Her husband, leaning back in the opposite corner as far off as possible, so that the folds of her dress hardly touched his cloak, did not seem to carry the burden of his happiness much more lightly. His face had, it is true, always been as pale, his eyes as expressive of fatigue, his bearing as languid as now, but there were lines in his countenance which had not been there before--dark, bitter lines, stamped on it by the events of the last few weeks, and which no amount of the coolest indifference would ever again efface.
He too looked out silently through the window, and made no more attempt than Eugénie to renew the conversation.

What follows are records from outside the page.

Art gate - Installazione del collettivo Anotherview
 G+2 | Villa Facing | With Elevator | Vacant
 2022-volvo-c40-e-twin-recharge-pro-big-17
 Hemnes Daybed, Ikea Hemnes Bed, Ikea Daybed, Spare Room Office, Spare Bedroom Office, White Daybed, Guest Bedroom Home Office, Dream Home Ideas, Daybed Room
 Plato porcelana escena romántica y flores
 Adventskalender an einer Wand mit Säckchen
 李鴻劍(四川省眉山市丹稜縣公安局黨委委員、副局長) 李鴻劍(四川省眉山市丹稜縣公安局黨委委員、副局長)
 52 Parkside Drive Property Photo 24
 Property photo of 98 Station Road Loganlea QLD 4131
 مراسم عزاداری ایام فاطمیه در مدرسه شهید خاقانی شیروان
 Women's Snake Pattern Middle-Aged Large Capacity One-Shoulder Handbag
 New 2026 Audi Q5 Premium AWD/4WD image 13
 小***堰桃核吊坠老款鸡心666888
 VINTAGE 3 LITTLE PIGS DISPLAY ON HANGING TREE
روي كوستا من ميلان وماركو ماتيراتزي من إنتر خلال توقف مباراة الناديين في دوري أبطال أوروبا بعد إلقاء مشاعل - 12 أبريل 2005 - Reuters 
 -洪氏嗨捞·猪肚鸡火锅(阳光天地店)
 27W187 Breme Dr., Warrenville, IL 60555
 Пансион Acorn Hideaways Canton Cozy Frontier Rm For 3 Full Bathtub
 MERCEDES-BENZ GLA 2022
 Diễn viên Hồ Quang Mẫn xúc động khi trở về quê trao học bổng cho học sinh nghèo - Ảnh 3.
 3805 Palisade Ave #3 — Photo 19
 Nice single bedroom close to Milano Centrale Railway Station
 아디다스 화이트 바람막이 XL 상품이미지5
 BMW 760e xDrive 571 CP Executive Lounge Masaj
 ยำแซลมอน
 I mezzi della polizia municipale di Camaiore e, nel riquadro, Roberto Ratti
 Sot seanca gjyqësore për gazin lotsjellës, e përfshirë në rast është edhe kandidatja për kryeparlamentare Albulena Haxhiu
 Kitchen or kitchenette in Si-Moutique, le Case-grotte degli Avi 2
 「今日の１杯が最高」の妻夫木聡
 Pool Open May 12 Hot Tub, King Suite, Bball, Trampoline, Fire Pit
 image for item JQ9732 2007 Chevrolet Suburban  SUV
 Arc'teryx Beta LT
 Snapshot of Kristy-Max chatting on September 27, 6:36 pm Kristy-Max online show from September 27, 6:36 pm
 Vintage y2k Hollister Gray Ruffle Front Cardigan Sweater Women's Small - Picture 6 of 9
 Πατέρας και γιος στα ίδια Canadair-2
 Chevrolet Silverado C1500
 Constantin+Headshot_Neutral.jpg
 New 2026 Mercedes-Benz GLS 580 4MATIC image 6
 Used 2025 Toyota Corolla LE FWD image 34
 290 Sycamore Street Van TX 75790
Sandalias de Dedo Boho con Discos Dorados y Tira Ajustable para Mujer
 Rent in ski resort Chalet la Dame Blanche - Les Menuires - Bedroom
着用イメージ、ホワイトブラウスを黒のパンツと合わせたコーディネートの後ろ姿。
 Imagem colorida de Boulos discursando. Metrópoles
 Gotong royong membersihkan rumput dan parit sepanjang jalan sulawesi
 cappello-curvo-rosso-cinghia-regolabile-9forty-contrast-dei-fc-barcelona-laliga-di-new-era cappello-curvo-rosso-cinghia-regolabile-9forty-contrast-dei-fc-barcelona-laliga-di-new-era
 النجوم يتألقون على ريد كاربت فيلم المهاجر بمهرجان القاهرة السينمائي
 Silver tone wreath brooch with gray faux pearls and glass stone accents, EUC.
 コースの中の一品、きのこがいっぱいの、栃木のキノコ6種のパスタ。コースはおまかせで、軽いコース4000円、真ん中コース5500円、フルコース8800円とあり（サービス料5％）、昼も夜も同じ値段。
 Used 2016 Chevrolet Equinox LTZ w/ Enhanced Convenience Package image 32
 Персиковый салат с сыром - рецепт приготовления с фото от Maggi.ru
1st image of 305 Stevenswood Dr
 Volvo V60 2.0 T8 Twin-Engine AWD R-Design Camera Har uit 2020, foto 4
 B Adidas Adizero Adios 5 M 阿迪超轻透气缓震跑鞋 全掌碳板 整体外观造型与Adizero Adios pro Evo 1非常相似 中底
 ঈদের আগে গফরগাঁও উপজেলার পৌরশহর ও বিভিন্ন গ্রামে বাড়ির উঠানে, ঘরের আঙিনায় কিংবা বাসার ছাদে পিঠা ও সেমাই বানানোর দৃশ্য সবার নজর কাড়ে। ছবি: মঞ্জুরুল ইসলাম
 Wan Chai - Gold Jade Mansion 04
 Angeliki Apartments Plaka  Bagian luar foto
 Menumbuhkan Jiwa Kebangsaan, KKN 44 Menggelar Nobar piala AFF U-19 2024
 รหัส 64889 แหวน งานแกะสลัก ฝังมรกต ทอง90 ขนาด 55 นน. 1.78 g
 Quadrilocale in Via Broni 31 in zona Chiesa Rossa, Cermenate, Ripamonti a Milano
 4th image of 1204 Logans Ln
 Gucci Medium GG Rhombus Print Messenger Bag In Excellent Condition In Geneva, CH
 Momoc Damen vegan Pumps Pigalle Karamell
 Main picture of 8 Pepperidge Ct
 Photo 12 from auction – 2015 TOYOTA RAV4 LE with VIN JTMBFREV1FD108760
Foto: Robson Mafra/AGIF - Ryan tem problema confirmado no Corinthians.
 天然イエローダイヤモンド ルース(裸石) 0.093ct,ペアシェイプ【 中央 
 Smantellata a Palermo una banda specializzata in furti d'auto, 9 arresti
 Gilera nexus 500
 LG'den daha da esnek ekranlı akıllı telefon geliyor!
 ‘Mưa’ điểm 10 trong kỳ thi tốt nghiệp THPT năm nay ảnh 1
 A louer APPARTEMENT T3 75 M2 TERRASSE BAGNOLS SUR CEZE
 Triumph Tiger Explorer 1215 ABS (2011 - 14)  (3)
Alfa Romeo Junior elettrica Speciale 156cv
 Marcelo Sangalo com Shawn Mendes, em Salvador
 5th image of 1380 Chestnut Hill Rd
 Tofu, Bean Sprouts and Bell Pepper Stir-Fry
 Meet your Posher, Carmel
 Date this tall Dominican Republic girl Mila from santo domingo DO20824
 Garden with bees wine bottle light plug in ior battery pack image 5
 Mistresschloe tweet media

They had met for the first time that day when about to set out on this journey, and some formal little speeches had been exchanged about the weather, the drive and the object for which it was being made; then they had relapsed into an icy silence which was to last, apparently, until they reached the town.
The expedition, conducted in this fashion, was not very agreeable; though in the comfortable close carriage nothing was felt of the inclement weather without, yet even the softest cushions could not prevent their feeling some inconvenience from the bad state of the roads, and the heavy barouche could only advance slowly, though drawn by fine and powerful horses.